Garden of Eden prospers in Belmont

Garden of Eden prospers in Belmont

From the street, this house on Cambreleng Avenue seems to be an ordinary house.

But tucked behind the small single family home in Belmont sits a Garden of Eden in the heart of the concrete jungle.

Surrounded by fig, apricot and hazelnut trees, Teresa Tarantino’s garden sits on a 50-by-100 foot lot attached to her property.

Reminiscent of time spent in the “old country,” it is here in her garden, she said, where she feels most at home.

Tarantino grew up in a garden, in Calabria Italy where her parents owned a farm.

“It was all we did,” she said. “It was my job.”

Tarantino said she left Italy to come to America when she was 36, to be with her husband Mario, who had come five years earlier.

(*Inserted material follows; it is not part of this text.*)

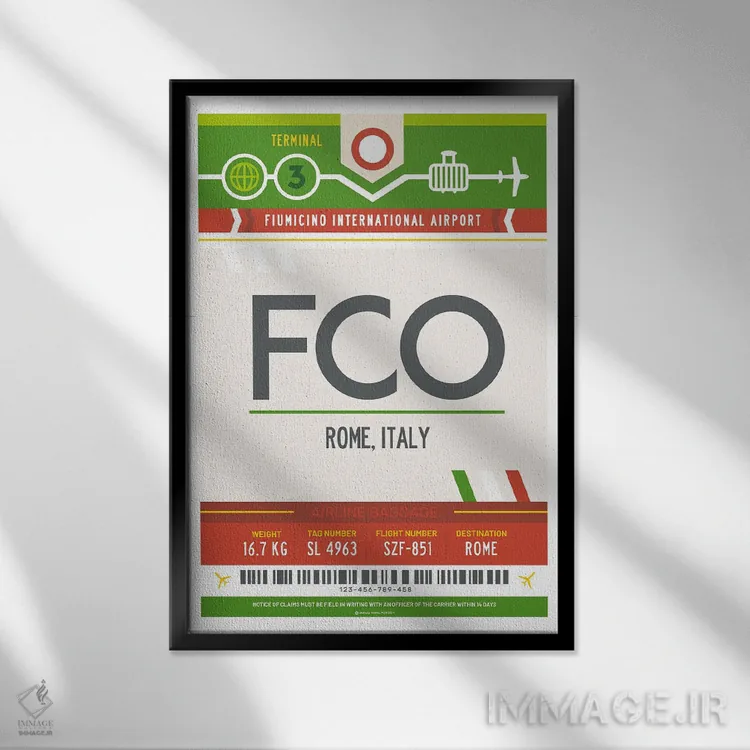 تابلو مدرن پوستر سفر با برچسب فرودگاه رم اثر اولا هوپ تراول پوسترز - نمای قابدار مشکی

“Times were bad, and everyone was coming here because there was work here,” she said.

The couple settled down on Arthur Avenue, where she spent 23 years as a super of various local buildings while her husband worked in landscaping.

After raising three kids and watching five grandchildren grow up, the 81-year-old now spends morning to evening tending to her garden, a task she handles on her own.

The garden is harvested from May through October, and produces about 20 different kinds of fruits and vegetables.

“I grow figs, peaches, apricots, tomatoes, beans, zucchini, grapes, peppers, eggplants, celery and a bunch of herbs,” she said.

Tarantino’s granddaughter Nina Rubino said before her grandfather passed away, her grandparents used to make wine with the grapes from the garden.

“Years ago, she also used to sell figs, tomatoes and zucchini flowers to the local market around here,” she said. “But then she stopped. She told me she got too old. Now she just gives them away. Neighbors and friends know when they come over to bring their baskets.”

Most of the meals Tarantino makes come from her garden.

“I don’t have a favorite thing I grow,” she said. “I like it all.”

Rubino said one of her grandmother’s traditions is making and jarring tomato sauce from tomatoes grown in the garden.

“When the tomatoes are ready the whole family comes over and we help to make the sauce,” Rubino said. “Everything we do has to be exactly right, and she watches us to make sure it is.”

Rubino said she admires her grandmother’s hard work and dedication to the garden.

“I love it,” Rubino said. “I wish I could learn everything she does. I have learned something over the years, but it’s a lot of work. I don’t have the strength that she does.”